One-fifth of female workers say they have been sexually harassed at work, but almost a third of these did nothing about it.
The responses emerged from a survey by the equal-rights watchdog, which also found that most of the victims came from groups long regarded as vulnerable, including retail, catering, health care and nursing workers.
"Sexual harassment remains a common occurrence in the workplace," convenor of the Equal Opportunities Commission's policy and research committee John Tse Wing-ling said yesterday.
"The data reflects that sexual harassment is a serious issue in Hong Kong. It means some people are facing it on a daily basis."
Of 472 respondents to the commission's survey, 19 per cent said they had been victims of sexual harassment before, while 6 per cent said they had witnessed it in the past 12 months.

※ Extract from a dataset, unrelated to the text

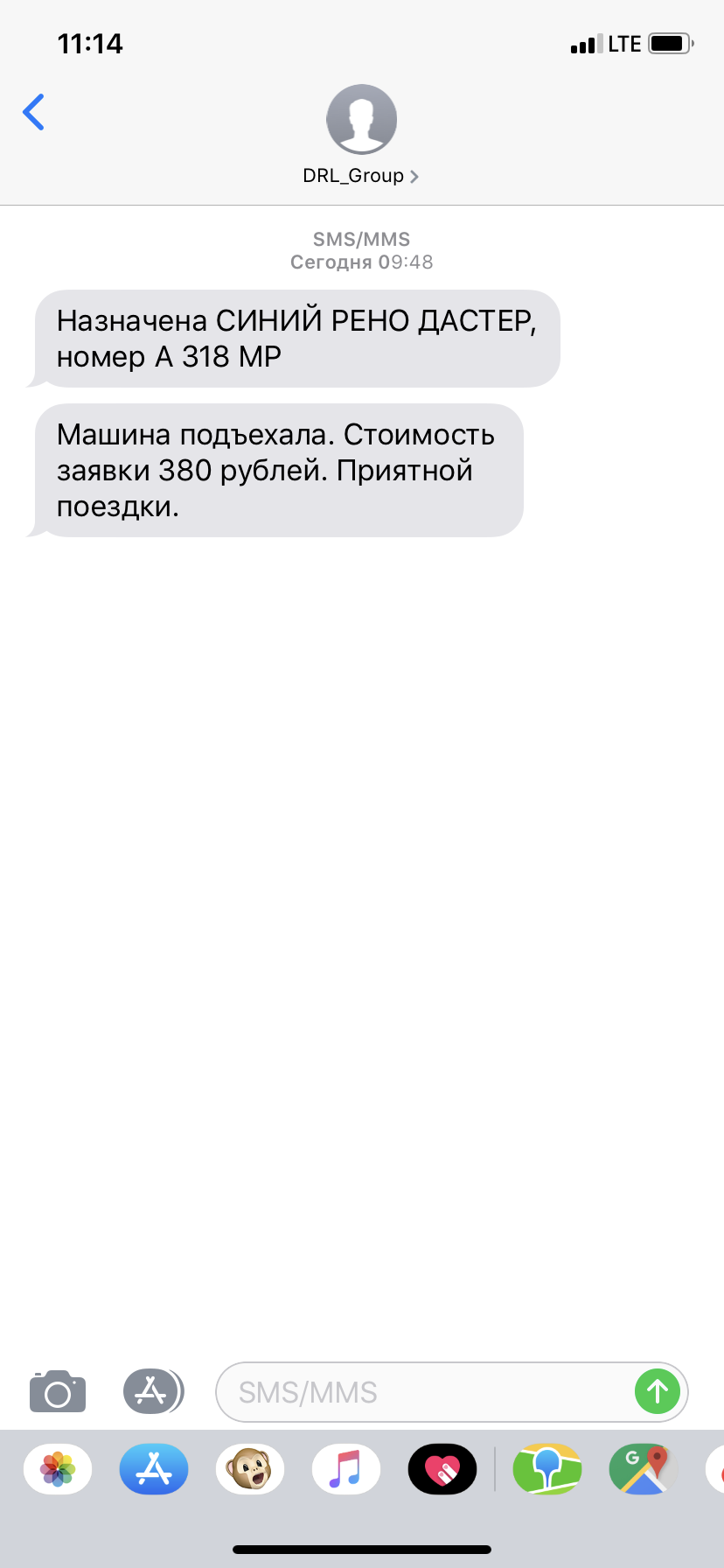 Три Десятки, служба заказа транспортных услуг в Екатеринбурге — отзыв и  оценка — Ivan-Veniaminovich Baltsat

Seventy per cent of the victims said they had taken further action against the offenders, but the rest did not.
The highest proportion of offenders - 39 per cent - were colleagues of the same rank, followed by customers, at 28 per cent. Other harassers were staff senior and junior to victims.
Most of the cases involved what the report described as "non-verbal sex cues" or body language.
Others included verbal, text or electronic messages and physical sexual behaviour.
Tse said not only young women suffered - some victims were more than 60 years old, while 21 per cent were aged 51 to 60.
Labour groups said workplace sexual harassment was a common problem, especially among workers in low-end jobs.
Yu Mei-wan, of the Confederation of Trade Unions, said some women were forced to wear revealing uniforms, which made matters worse.
"Their boss often tells them that the customers are always right and it is their duty to serve them, no matter what," Yu said. "So the staff members have to tolerate such behaviour and many of these cases go unreported."
The Federation of Trade Unions called for zero tolerance of sexual harassment. It asked the commission to step up its advocacy against such behaviour.
Both union groups urged companies to set up policies to handle complaints about sexual harassment at work.